Good Morning, Times Square
As a media façade, the ABC Times Square Studios’ LED display is a sight to behold. Nine, curvilinear, horizontal, LED video ribbons undulate around the facade’s front. Home to ABC’s Good Morning America, the building presents what seems to be a gigantic TV screen that displays network news and upcoming program and entertainment previews. Actually, the display, the only LED sign in the world that’s integrally involved with a major-TV-network program, is trailblazing the future of media-façade-based “performance signage.”
Easily seen throughout Times Square, the display broke ground as a media façade, a term that describes an LED video display that completely covers a building’s front cladding. Media facades now proliferate on Times Square to capitalize on the area’s advertising clout.
A precursor to media facades
Originally created in 1999 by its corporate parent, the Walt Disney Co., the ABC Times Square Studios’ LED spectacular is one of the area’s oldest such displays. Having beamed more than 70,000 hours of news and entertainment for eight years, the screen has recently been updated by D3 (Rancho Cordova, CA), a full-service LED video-display firm that designs and fabricates high-definiLED video displays.
D3 LED screens also appeared recently in several other Times Square sites, such as a display replacement for the Armed Forces Recruiting station, the exterior displays on M&Ms® Retail World (see ST, October 2007, page 90) and Ripley’s Believe It Or Not Odditorium (see ST, August 2007, page 90).
Initially built by Multimedia LED (Rancho Cordova, CA), the integrated LED display was divided into nine, separate, horizontal, LED ribbons, each approximately 133 ft. long, that extended lengthwise across the building. The first seven, full-color ribbons boasted a 50mm pixel pitch and formed a video-ribbon screen across the front of the building.
To enhance the display’s visual appeal, a SONY JumboTron LED videoscreen was embedded within the bigger Multimedia LED screen. Below that, the text-feature band briefly summarized the story behind the video image. The lowest ribbon broadcast sports news, and the one above that broadcast news headlines.

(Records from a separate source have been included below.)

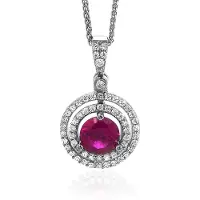 Orphelia Silver 925 Zh-7049 Pendant With Chain Zirconium ;Red Cz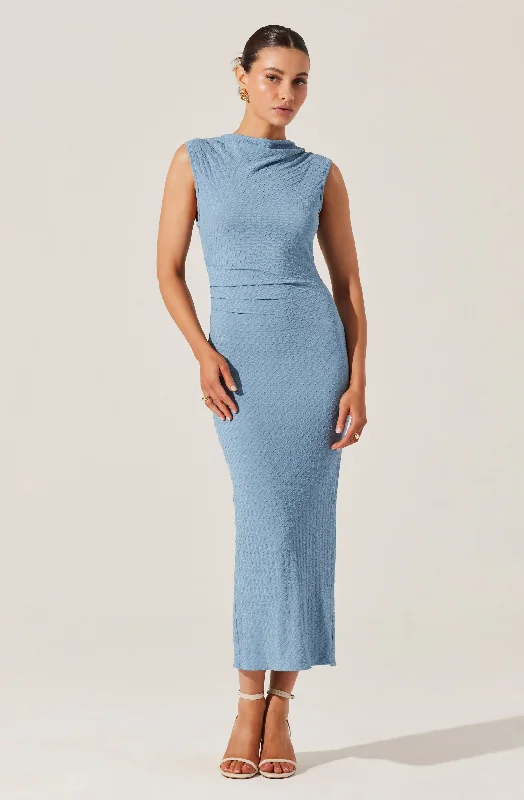 Textured Mock Neck Midi Dress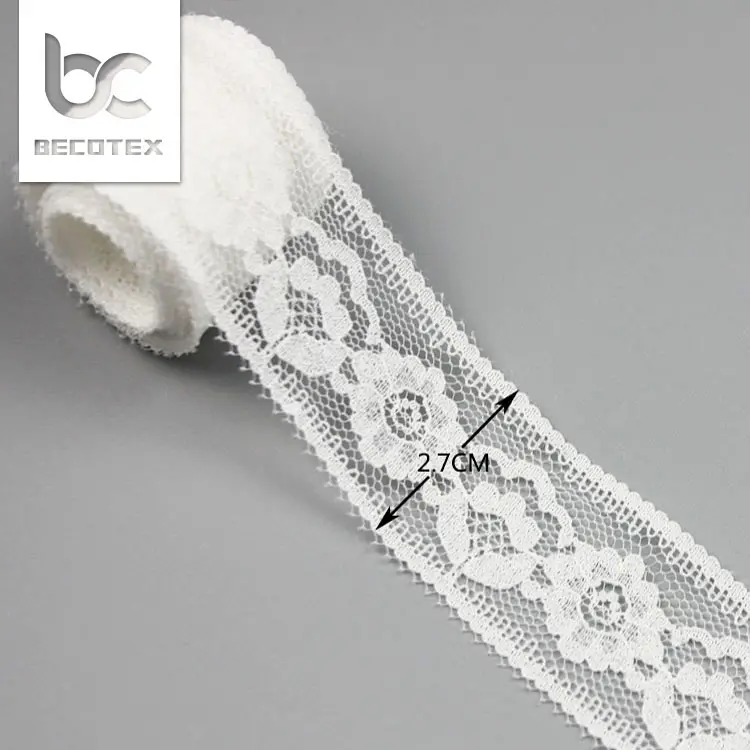Ribete de encaje floral blanco elástico directo de fábrica para decoración de lencería y ropa interior de mujer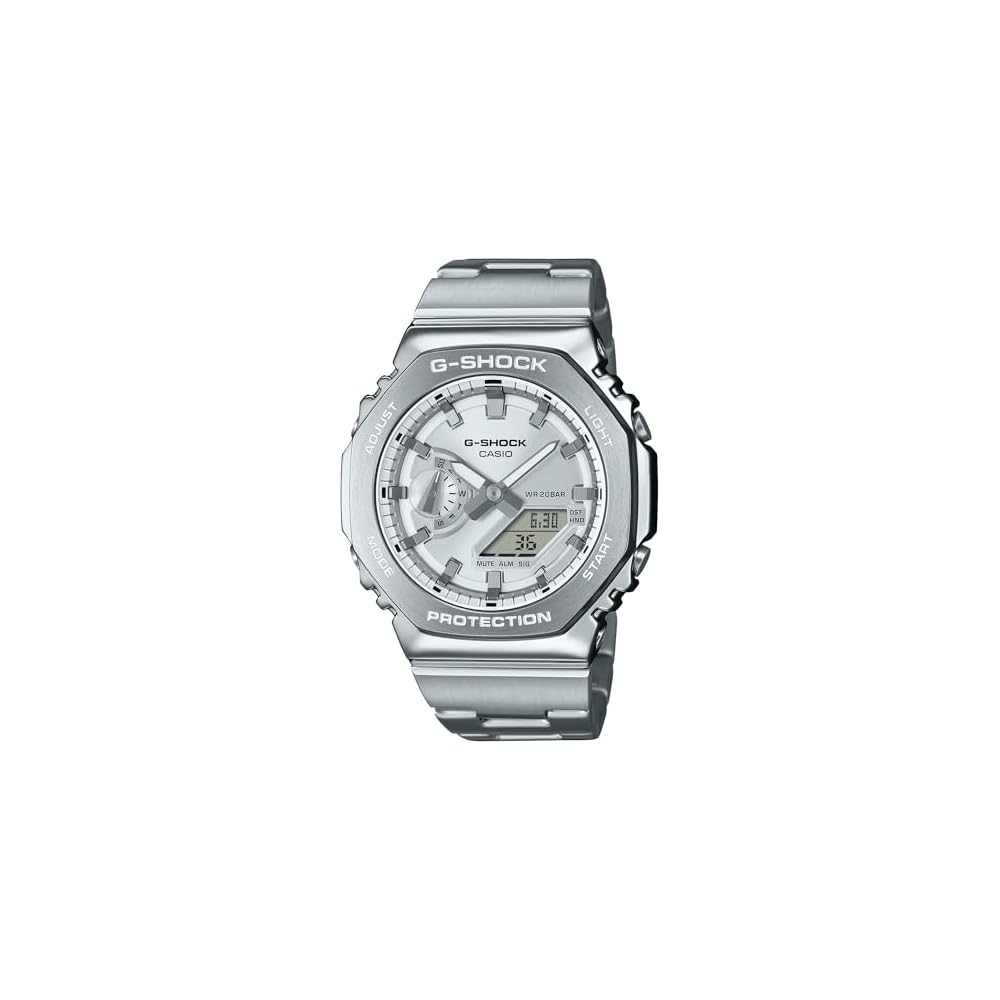 

Casio G-Shock GM-2110D-7AJF Men s Silver Metal Bezel and Band Watch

To facilitate the ribbon’s unique shape, NYC-based Landmark Signs built a curved, steel, interlocking frame that connected it to the building façade. Landmark built it in New Jersey, disassembled it and re-assembled it in Times Square.
“Once the full marketing value of the ABC LED display was understood by the Times Square advertising community, it became a springboard for many other LED video spectaculars [HSBC, Pontiac, Wrigley’s, LG, Samsung, etc.],” said George Pappas, a D3 founding partner who’s currently in charge of operations and manufacturing, and a former project manager of the original Multimedia project.
Having witnessed the upgrading of other displays, such as Coca-Cola (in 2005) and Budweiser (in 2007) and the addition of new, full-color, high-definition screens (Chevrolet, Pontiac and Prudential), the Disney Co. decided to upgrade the original ABC Times Square LED display.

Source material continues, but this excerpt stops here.